Detection of extended VHE gamma-ray emission from G106.3+2.7 with VERITAS
Reference: V. A. Acciari et al. (The VERITAS Collaboration), The Astrophysical Journal, 703: L6-L9, 2009
Full text version
ArXiv version: ArXiV:0911.4695
Contact person: Scott Wakely
G106.3+2.7 is the remnant of a galactic supernova which exploded approximately 10,000 years ago. Contained within the body of the remnant is one of the most energetic pulsars in the northern sky, PSR J2229+6114. VERITAS observations of the region have resolved TeV gamma-ray emission coming from an extended portion of the radio remnant. Notably, the centroid of the TeV flux is centered near the center of a coincident molecular cloud, some 0.4 degrees away from the pulsar position. This may suggest that the emission is due to hadronic interactions between cosmic rays accelerated in the remnant and the material of the cloud. At other energies, the Fermi LAT team reports GeV emission at the location of the pulsar and the Milagro collaboration reports unresolved ~35 TeV emission from the general area.
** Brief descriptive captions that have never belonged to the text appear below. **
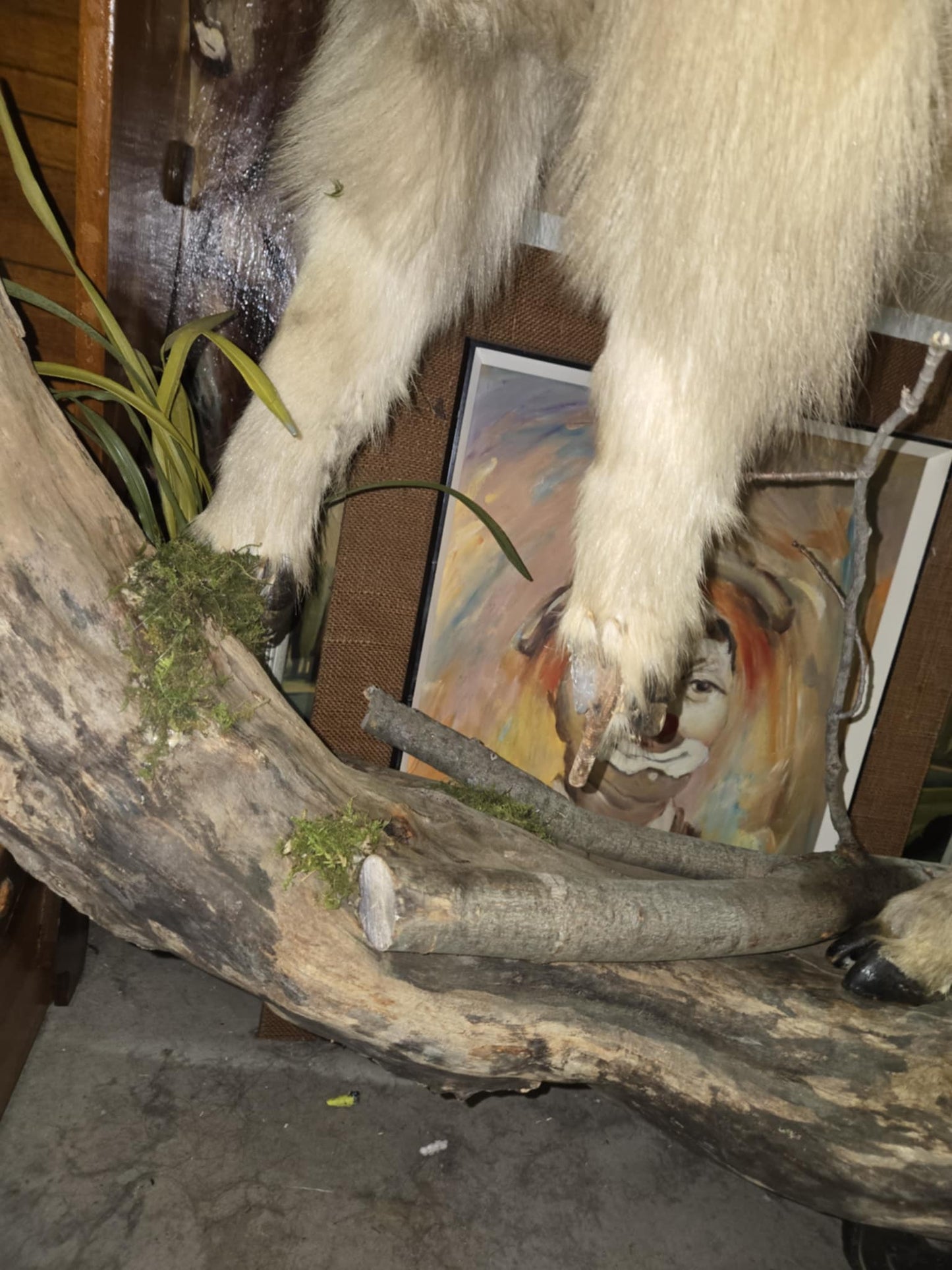 Taxidermie chèvre des montagnes.
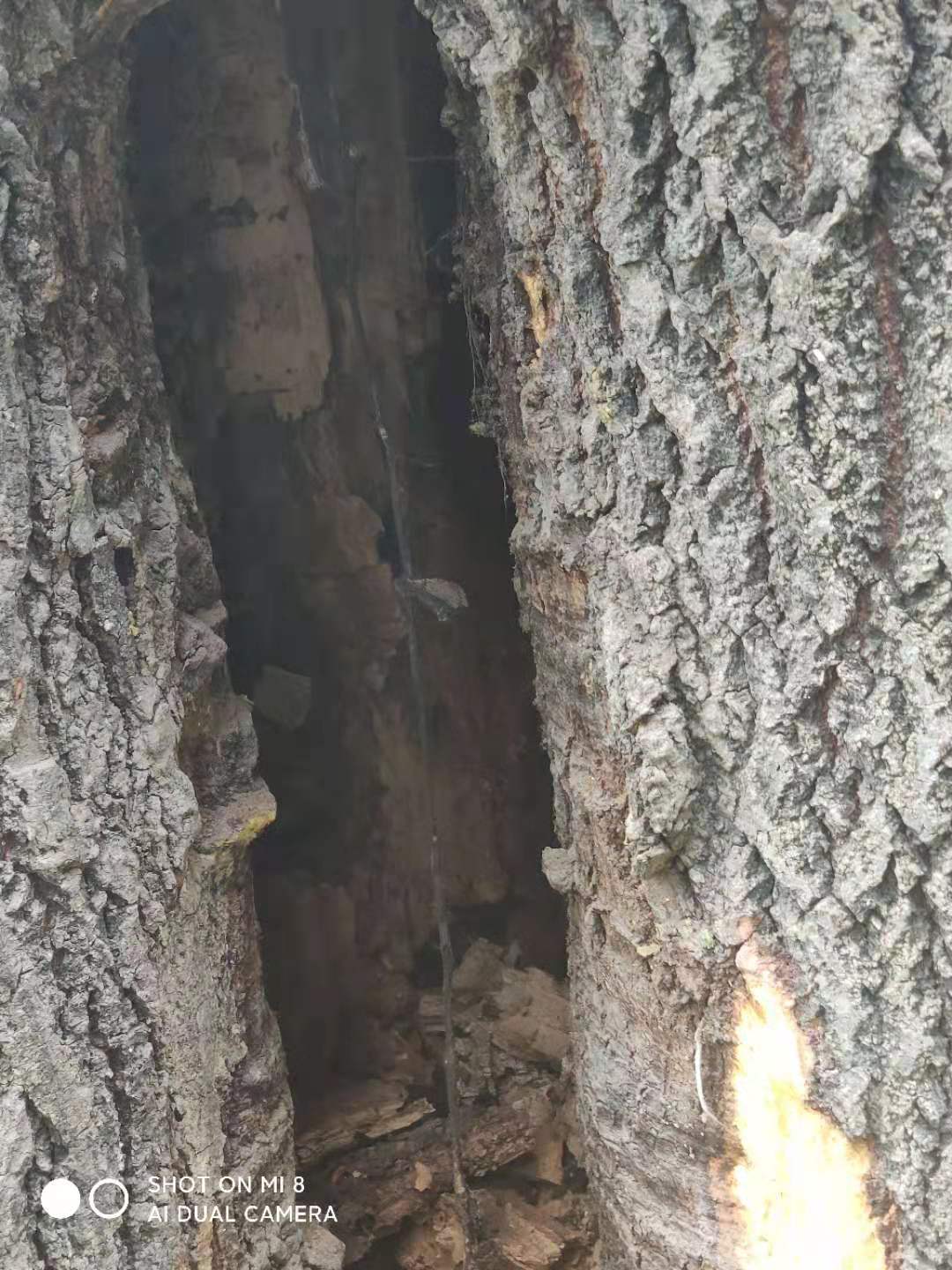 肥城:老杨树只修剪不砍伐 安全隐患没根除-搜狐大视野-搜狐新闻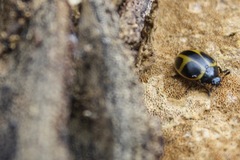 Aegithus quadrinotatus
The Milagro flux point lies along the extrapolated spectrum measured by VERITAS. If there is, in fact, a single mechanism at work in producing the emission seen by both instruments, then this could strengthen the case for the hadronic scenario, given that the combined spectrum would lack the curvature expected from a typical inverse Compton (leptonic) model at these energies.